Great route. Get on it!
Zander
Jaybro

Social climber
Wolf City, Wyoming
Jul 21, 2009 - 01:11am PT
Very nice, Z!

Three hr approach, coulda done RA...
bluering

Trad climber
Santa Clara, Ca.
Jul 21, 2009 - 01:12am PT
Wow, you been knockin' down some routes lately.

Impressive. Cloud's Rest is next, huh?

I see you lookin' over there.....
Zander

Trad climber
Berkeley
Topic Author's Reply - Jul 21, 2009 - 01:14am PT
Oh Yeah, Bluering,
Clouds Rest, My Favorite Things 10a, Gotta get on it.
Zander
Ed Hartouni

Trad climber
Livermore, CA
Jul 21, 2009 - 01:14am PT
nice one Zander... when you roll you roll...

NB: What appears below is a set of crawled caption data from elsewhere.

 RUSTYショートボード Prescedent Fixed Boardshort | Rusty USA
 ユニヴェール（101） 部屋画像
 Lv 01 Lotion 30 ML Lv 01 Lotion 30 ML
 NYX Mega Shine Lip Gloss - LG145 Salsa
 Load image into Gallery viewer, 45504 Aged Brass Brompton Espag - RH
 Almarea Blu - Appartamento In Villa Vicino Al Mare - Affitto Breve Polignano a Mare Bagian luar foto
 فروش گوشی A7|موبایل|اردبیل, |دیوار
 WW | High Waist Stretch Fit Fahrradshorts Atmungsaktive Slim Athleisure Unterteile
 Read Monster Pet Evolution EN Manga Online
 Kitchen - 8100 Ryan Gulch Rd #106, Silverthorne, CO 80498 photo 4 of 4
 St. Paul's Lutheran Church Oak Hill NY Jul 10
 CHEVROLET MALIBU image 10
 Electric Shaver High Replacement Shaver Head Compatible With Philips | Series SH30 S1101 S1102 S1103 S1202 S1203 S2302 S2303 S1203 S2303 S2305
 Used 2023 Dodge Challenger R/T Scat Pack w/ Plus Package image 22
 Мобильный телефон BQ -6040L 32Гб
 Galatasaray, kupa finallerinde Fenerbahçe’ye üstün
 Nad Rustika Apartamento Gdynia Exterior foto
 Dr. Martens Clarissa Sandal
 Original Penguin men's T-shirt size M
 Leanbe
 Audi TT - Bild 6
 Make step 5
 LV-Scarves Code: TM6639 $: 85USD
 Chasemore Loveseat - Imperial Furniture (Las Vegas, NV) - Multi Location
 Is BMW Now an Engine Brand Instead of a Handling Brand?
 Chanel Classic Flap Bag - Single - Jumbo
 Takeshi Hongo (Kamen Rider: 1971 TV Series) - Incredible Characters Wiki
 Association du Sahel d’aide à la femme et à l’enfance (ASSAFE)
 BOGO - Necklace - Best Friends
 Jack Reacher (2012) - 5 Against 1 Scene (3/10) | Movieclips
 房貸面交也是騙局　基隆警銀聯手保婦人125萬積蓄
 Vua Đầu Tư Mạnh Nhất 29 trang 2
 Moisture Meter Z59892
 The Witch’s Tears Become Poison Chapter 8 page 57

we need to schedule a date for this year's little climb...
rockermike

Mountain climber
Jul 21, 2009 - 01:16am PT
I know its not so well known but earlier this season we did (RA linked up with) North Dome South Face. Damn nice route too in my opinion, and you get cracks to stick things in - fun fun fun
Zander

Trad climber
Berkeley
Topic Author's Reply - Jul 21, 2009 - 01:17am PT
Ed,
I'm trying to get in shape so I can stay with you. I think I'm ready though. Let talk amongst ourselves.....
Oh yeah!
Zander
Zander

Trad climber
Berkeley
Topic Author's Reply - Jul 21, 2009 - 01:18am PT
Jaybro,
I thought of that. I was pretty tired though. Glad to just plod on back to the car. I'm getting kinda old.
Zander
Jaybro

Social climber
Wolf City, Wyoming
Jul 21, 2009 - 01:20am PT
How many pitches is eyeore's?
What's the soundtrack for that route on cloud's rest?
Zander

Trad climber
Berkeley
Topic Author's Reply - Jul 21, 2009 - 01:24am PT
I think Eyeore's is only five pitches.
Gotta be Coltrane for Cloud's Rest. I don't have that album though.
Zander
micronut

Trad climber
fresno, ca
Jul 21, 2009 - 01:25am PT
Way to rock it.....Bushwacking is for real men. Gyms are for kids. I bushwack regularly. Keeps me fit. Well done. Honestly....I once bushwacked on the approach to Nutcracker. Don't ask.
nick d

Trad climber
nm
Jul 21, 2009 - 01:27am PT
Sounds like you had great fun! What is that beatiful flowering bush? The flowers are lovely.

Thanks for posting up!
rockermike

Mountain climber
Jul 21, 2009 - 01:28am PT
OK, since we're talking about it; is there an easier way to get from the top of ND down to the base of CJ? this is the second story I've heard recently about horrendous bush waking.
paul roehl

Boulder climber
california
Jul 21, 2009 - 01:35am PT
The Bush: Western Azalea...very fragrant. Makes me want to leave tomorrow. Thanks.
Largo

Sport climber
Venice, Ca
Jul 21, 2009 - 01:40am PT
That's the best quality rock on the universe. Dan Dingle (FA) was a student of mine when I was a first year grad student.

JL
Reilly

Mountain climber
Monrovia, CA
Jul 21, 2009 - 01:49am PT
That's the best slab route this side of Darrington.
It must be a lot more enjoyable now that the 'spinners'
have been replaced.
elcap-pics

climber
Crestline CA
Jul 21, 2009 - 02:29am PT
Nice stuff Zander.... I did that route with a young woman who lead all the hard stuff while I did all the run out stuff. Great climb... hope the old quarter inchers have been replaced. Long way between them!!
later Tom
Les

Trad climber
Bahston
Jul 21, 2009 - 07:51am PT
Holy sea of granite, Batman! wow! every pitch looks exactly the same! Looks like a beautiful route - thanks for sharing!
Ed Hartouni

Trad climber
Livermore, CA
Jul 21, 2009 - 08:57am PT
the easiest way from the top to the bottom is to go down the slabs to the west of the vegetated gully, best with an altimeter, to the proper contour and then bushwack east to the base of the climb.

Peter Haan

Trad climber
San Francisco, CA
Jul 21, 2009 - 11:47am PT
micro-note: For those who love these Azaleas, there is a large grove of them at the top of the NA wall area, right on the edge, living on the seepage there. They get quite tall too, like over 8ft there. The fragrance is incredible when they are in bloom.